Google Summer of Code Proposals 2023
Welcome to the main page for all GSoC 2023 related information.
Intro
We from the fossology project would like to apply for GSOC. Please see two main resources for finding out more FOSSology in general:
Meetings: Checkout the Meetings table
Interested in Application? - Getting Grip
If you are interested in an application - great! We encourage your application. So the question is how to get started with the topic, just a few points:
- Check https://www.fossology.org and these Github pages https://github.com/fossology/fossology/wiki
- Maybe check some initial intro at https://github.com/fossology/fossology/wiki/New-at-FOSSology%2C-You-Could-...
- Try to install fossology, either using vagrant or docker
Check out our YouTube video for installation from source: https://youtu.be/q12KwmPYZG4 (Outdated)
- Read the proposed topics
- Use the mailing list fossology-devel@fossology.org or contact proposed mentors for further steps
- Slack invite link
- GitHub discussion
- If you are interested in trying to make contributions, see out issues with the label good first issue. Maybe you could sort out the workflow and make a first pull request.
Examples from past programs
In 2020, we were awarded seven slots, please see here what was the result of it:
- Ayush and Kaushlendra's work on the Atarashi license scanner and Nirjas
- Darshan's work on Dashboard: https://github.com/darshank15/GSoC_2020_FOSSOlogy/wiki
Also - very much fun - There are some YouTube videos created:
- Ayush made a YouTube video / interview style of his experience: https://youtu.be/C8f_etew-yc
- Hypnos invited Darshan for an interview: https://youtu.be/_KbQ83JK7Q0
In 2021, the GSoC program awarded the fossology project with 7 slots. It was a lot bigger and a lot of fun for 2021, a dedicated page has been set up. Please see the GSoC works here.
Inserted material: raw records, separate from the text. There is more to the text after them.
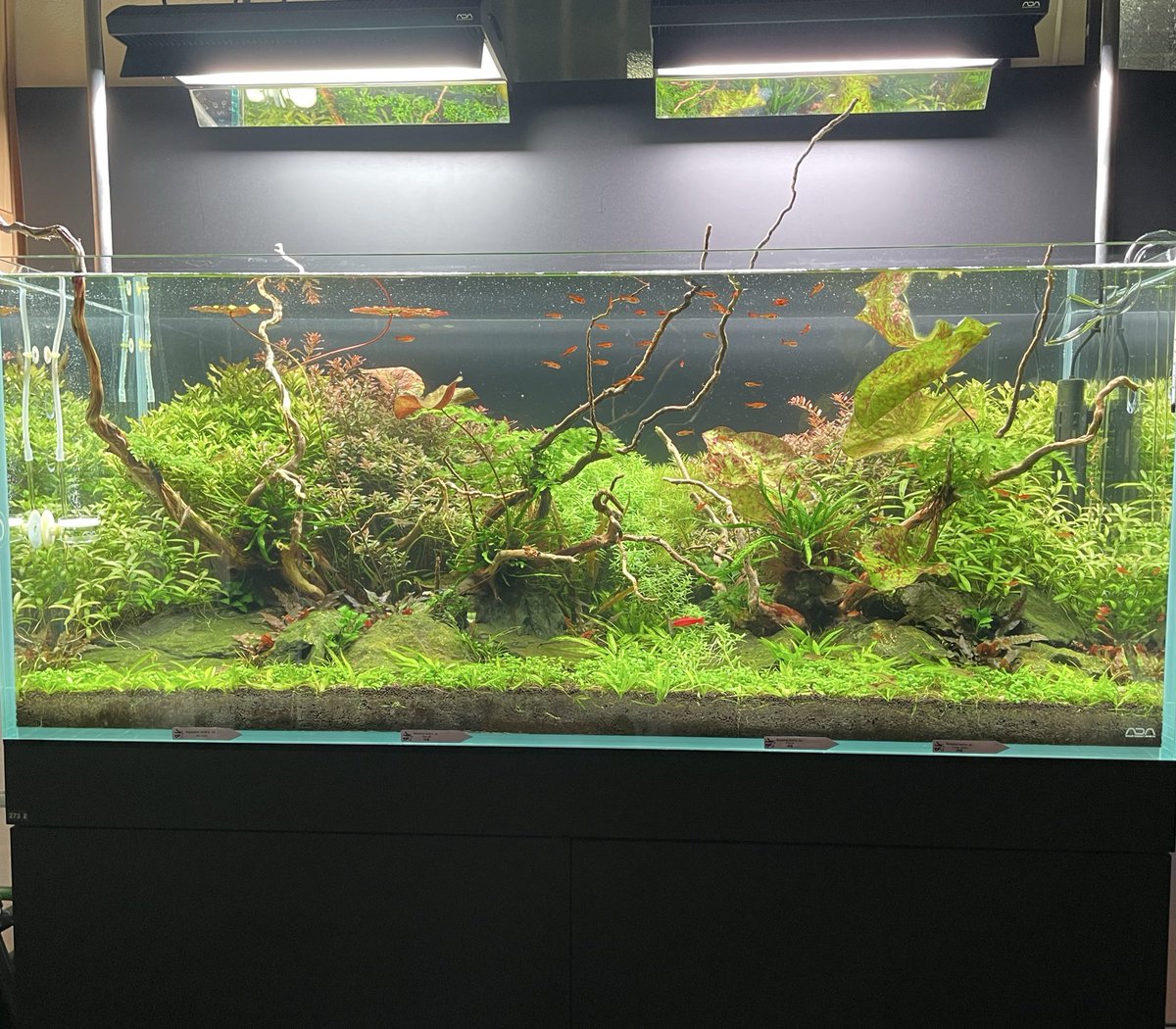 Biokimia362091's tweet photo. 水槽立ち上げから3ヶ月経過しました！

ネイチャーソイルを使用しているので、水草の育ちも良く、トリミングに追われてます😅

これからは、水草の種類やレイアウトを変えながら、ネイチャースティックを使って長期維持を目指します！

#Biokimia #バイオキミア #アクアリウム
#水草 #レイアウト #水槽 https://t.co/aUyAqwoup8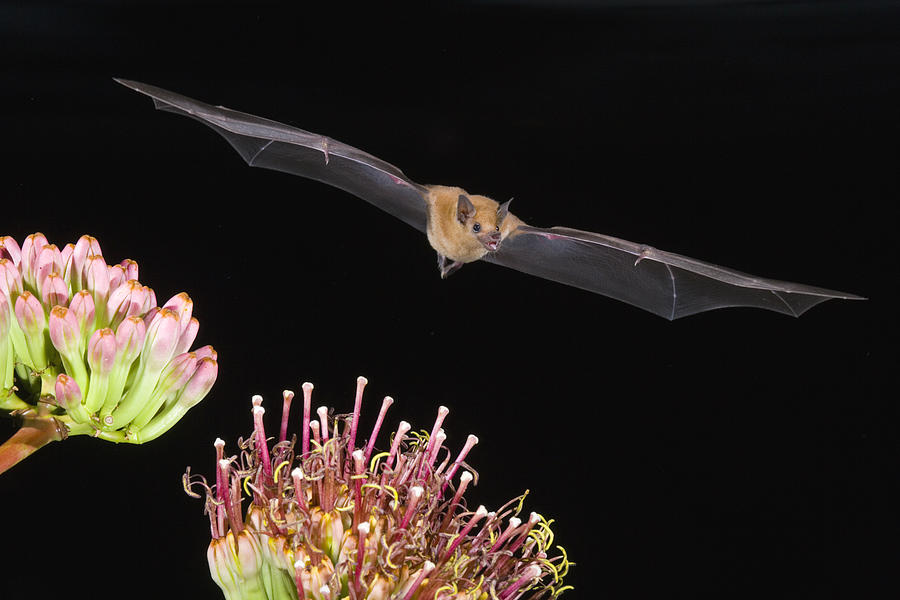 Lesser Long-nosed Bat Flying Photograph by Tom Vezo
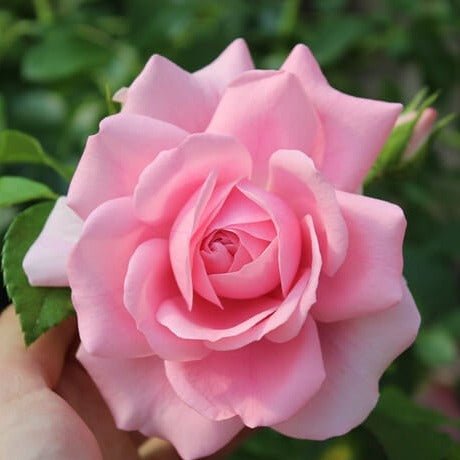 Rozenfee Butasi trandafiri de gradina butași trandafiri de grădină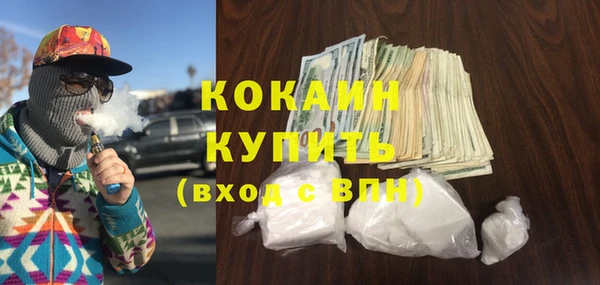 шишки Абинск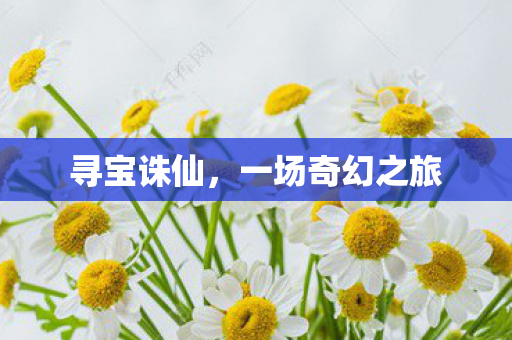 寻宝诛仙,一场奇幻之旅 寻宝诛仙,一场奇幻之旅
From this page you can also get an idea about the work being carried out: check the weekly reporting, for example for the UI project.
You can check out our GSoC 2022 projects with 8 slots. The dedicated page can be found here.
Mentors
Interested in becoming a mentor? Please reach out to us!
Proposals so far:
- Kaushlendra Pratap
- Anupam Ghosh
- Gaurav Mishra
- Ayush Bhardwaj
- Shaheem Azmal M MD
- Vivek Kumar
- Avinal
- Katharina Ettinger
- Rohit_Pandey
- Sahil Jha
- Shruti Agarwal
Topic Proposals
Please reach out to us to add more proposals for GSoC 2023.
Currently, discussion happening on https://github.com/fossology/fossology/discussions/2371
Topic Proposals from 2023
- REST API improvements
- Integrating Open Source Review Toolkit
- Reducing false positive copyrights
- Support CycloneDX report
- Support conf file & UI for NOMOS agent
- Support text phrases scanning for MONK agent
- New project to estimate clearing effort
- Main license detection for components
- License as service
- Obligation as service
- Improving FOSSology CI scanner image
- Support dynamic CSS class of bootstrap in FOSSology
REST API improvements
Goal: Making all data from current UI available on REST API
- Writing test cases for all the existing and new functionalities.
- Improve REST API and expose more endpoints
Category | Rating |
---|---|
Low Hanging Fruit | - |
Risk/Exploratory | * |
Fun/Peripheral | ** |
Core Development | *** |
Project Infrastructure | ** |
Project size | Large |
Preferred contributor | Student/Professional |
Integrating Open Source Review Toolkit
Goal: Using ORT to fetch dependencies and generate SBOM
Build systems fetch the required dependencies (library/artifact) for a project while building the project. Its important to get an insight of these dependencies for license compliance check.
The OSS Review Toolkit is an open source project helps to find dependencies in a project.
The goal of this project is to render the project dependencies created by ort and display those in the fossology-UI. Dependencies can be scheduled directly from the UI and scan with fossology.
Category | Rating |
---|---|
Low Hanging Fruit | - |
Risk/Exploratory | - |
Fun/Peripheral | ** |
Core Development | *** |
Project Infrastructure | * |
Project size | Large |
Preferred contributor | Student/Professional |
Comment
- Or use the other approach recommended by @sameer1046
Reducing false positive copyrights
Goal: Improving copyright agent by reducing false positives
In GSoC 2021, @Kaushl2208 worked on an ML script to tag and cleanup false positive copyrights detected by FOSSology. The goal is to continue on the work and improve the script. Alternatively, the copyright agent of FOSSology itself can be improved to achieve better results. Known issues:
- The script currently works only for English names.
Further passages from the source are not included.